Hydrogen fuel cell-battery hybrid trains, often referred to as “hydrail,” are in service, but generally speaking hydrogen is battling against direct electric options, with shares of the future market unsettled. But as stated in the European Commission’s report “Electrification of the Transport System,” 60% of the European rail network is already electrified and 80% of traffic runs on these electrified lines. And given that report was produced in 2017, the figure is now likely higher. On owner costs, electric batteries are cheaper to date than hydrogen made from fossil fuels, and that hydrogen is cheaper than anything run on hydrogen made from renewable power, like the kind proposed in Atlantic Canada. Europe favours “green”, but the price difference is still material. It should also be said there is opportunity for train operators in Europe to self-produce hydrogen or contract production in Europe, or they might look to suppliers importing from countries other than Canada.
In North America, the topography, the population density and service demands for trains are different, and operators are now testing their options. Hydrogen is in the mix. Starting with passenger trains, hydrail is now being given trial runs. Alstom is doing a pilot with its Coradia iLint hydrail passenger train in Quebec this summer, with the private operator of the Charlevoix railway. The pilot is using green hydrogen made in Quebec by Harnois Énergies. Vancouver-based HTEC is supplying the refueling infrastructure.
HTEC is the company that in 2022 acquired the consulting firm that acted as lead author on Canada’s national hydrogen plan. The consultant, Zen Clean Energy Solutions, also produced both the feasibility studies for hydrogen for the Maritimes and Newfoundland and Labrador (completed in 2020 and 2021 respectively), referenced often in local debates.
Hydrogen supplier Harnois Énergies may become more familiar in Atlantic Canada in the coming years, as that company is currently awaiting Competition Board approval for purchase of a portion of the retail gas stations and convenience stores of the “Wilsons Systems” brands, being Esso Go Stores and Wilson’s Gas Stops. The operations are being purchased from Ailmentation Couche-Tard. That company was required to sell some of the network of gas stations, as a condition of the approval of a takeover of the Wilsons Systems business in August 2022. Harnois’ position in taking on the stations is of note, given Harnois was behind the first “multi-energy station” (the corner gas station also offering hydrogen fuel in Quebec City), showing an interest broadly in hydrogen end uses and related services.
The Alstom passenger train demonstration project is estimated to cost about $8 million, with the province of Quebec kicking in $3 million.

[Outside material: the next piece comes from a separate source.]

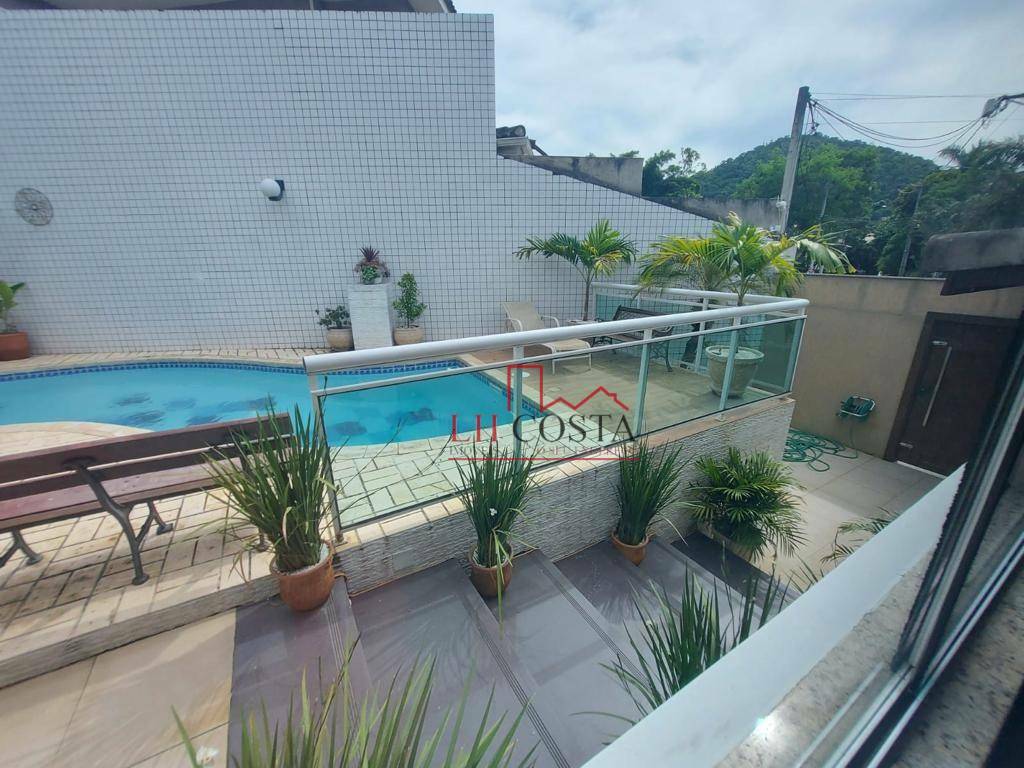 Casa de Condomínio à venda com 6 quartos, 385m² - Foto 41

The train will run on the Réseau Charlevoix rail network, along the St. Lawrence River, between a station in Quebec City and one in Baie-Saint-Paul. The regional county including Baie-Saint-Paul has a population of less than 13,000, introducing one of the real challenges in Canada for hydrail. Namely, plenty of rural areas not unlike Baie-Saint-Paul, or even more populated, searching right now for money for the expansion of rail service or (more commonly) introduction of any public transportation. Governments and operators are challenged by the demands on limited public dollars.
Regardless, the expectation is there will be at least a few lessons on hydrogen out of this Quebec trial for federal officials, Canadian provinces and U.S. state leaders. The Coradia iLint model is already well-traveled, with Alstom reporting more than 220,000 kilometres of service in eight European countries as of earlier this year. The train is designed for lines that are not already electrified.
In Canada, hydrail has also been a focus at the University of British Columbia, at the SMARTer Growth Research Lab under engineer Dr. Gordon Lovegrove. Lovegrove and his team have worked with the National Research Council and Transport Canada on a research project started in 2022, including work with full-scale prototype, to help identify any gaps in operational knowledge and national regulation, for starters. Lovegrove’s team has also worked with the Penticton Indian Band and regional entities on detailed concepts for hydrail developments in the Okanagan Valley (known as the Okanagan Valley Electric Regional Passenger Rail or OVER PR project), and Fraser Valley. Running contrary to the beliefs and requests of local mayors, the researchers have said it is less costly to add hydrail, than expand existing highways.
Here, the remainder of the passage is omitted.